Chez nous, la fin annoncée du billet de cinq cent euros fait partie d’un mouvement général dans le monde qui tend à en finir avec l’argent liquide. Sous couleur de lutter contre l’évasion fiscale, les trafics et le crime organisé, le pouvoir, aidé par les banques, pourra ainsi fliquer en permanence le public grâce aux cartes à puce. La liberté se joue aussi dans le portefeuille. Au Royaume Uni cependant, le gouverneur général de la banque d’Angleterre, Mark Carney, a fort habilement assorti l’annonce du retrait progressif de la grosse coupure de cinquante livres d’une présentation en grande pompe du nouveau billet plastique à l’effigie de Winston Churchill, le légendaire premier ministre de la seconde guerre mondiale.
Pourquoi le billet plastique est supérieur à la monnaie de papier
L’argument technique est toujours agité avec profit. Selon Carney, le papier monnaie est cher parce qu’il ne dure pas longtemps, il se salit, se déchire, se perd dans les machines à laver (un détail qui parle à toutes les mères et toutes les épouses), il était temps de le remplacer par le billet plastique, qui dure au moins deux fois plus longtemps, se lave, ressort tout propre de la poche de jean où on l’avait oublié, etc.
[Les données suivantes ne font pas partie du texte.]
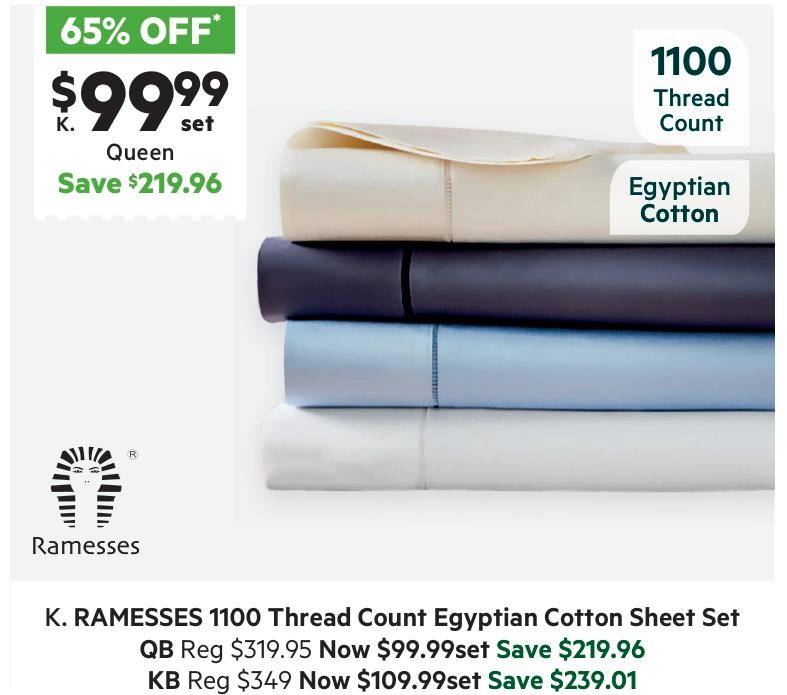 Ramesses 1100 Thread Count Egyptian Cotton Sheet Set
Le nouveau Churchill de cinq livres est une petite merveille qui permet à l’Angleterre de rejoindre le peloton des trente pays avancés qui sont déjà passés au billet de plastique, des détails qu’on ne vous dit pas le rendent pratiquement infalsifiable, c’est la bête noire des faux-monnayeurs.
Et ce n’est pas tout, sur les futures coupures de dix livres et de vingt livres, des inscriptions en braille permettront aux aveugles de s’y retrouver. Bref, le billet plastique, c’est à la fois le progrès, la morale et l’économie, en un mot, c’est le Bien. Il est donc naturel et souhaitable d’abandonner l’obsolète papier monnaie. Et comme, Mark Carney l’affirme, il n’y a « pas de projet » pour une version plastique du billet de 50 livres, celui-ci sera finalement abandonné. CQFD. Ca tombe bien, il était utile aux fraudeurs et aux malfrats. C’est la preuve que la technique et l’éthique marchent la main dans la main.
Célébrer l’Angleterre mais préparer la fin de l’argent liquide
Maintenant, le billet plastique peut fondre sous un coup de fer, coller dans une liasse au moment du paiement, ou finir par se fendiller si on ne le place pas bien à plat dans son portefeuille, ce qui fait qu’on ne sait pas du tout en fait s’il sera supérieur, à l’usage, au papier monnaie. Mais ce n’est pas grave, puisque son rôle politique et historique est d’être une étape dans la suppression de l’argent liquide.
Pour détourner l’attention de cette réalité fondamentale, Mark Carney s’est livré à un magnifique développement patriotique sur le nouveau billet de cinq livres : « La monnaie d’un pays est la mémoire d’un peuple (…) Nos billets sont des témoignages des réussites remarquables de nos grands hommes. Ce sont des monuments de notre mémoire collective ». Le Churchill sera une illustration, courant dans toutes les mains, de « l’histoire glorieuse de la Grande Bretagne ».
Il est probable que le gouverneur de la banque d’Angleterre est tout à fait sincère, et sa sincérité s’étend à l’usage de l’argent liquide, dont l’usage est resté « plutôt stable » selon lui ces cinq six dernières années en Angleterre : « L’argent liquide est incroyablement important, et les Britanniques l’utilisent chaque jour partout dans le pays. » N’empêche que le résultat pratique de cette débauche de déclarations est, un, la fin du papier monnaie, deux, le retrait du billet de cinquante livres.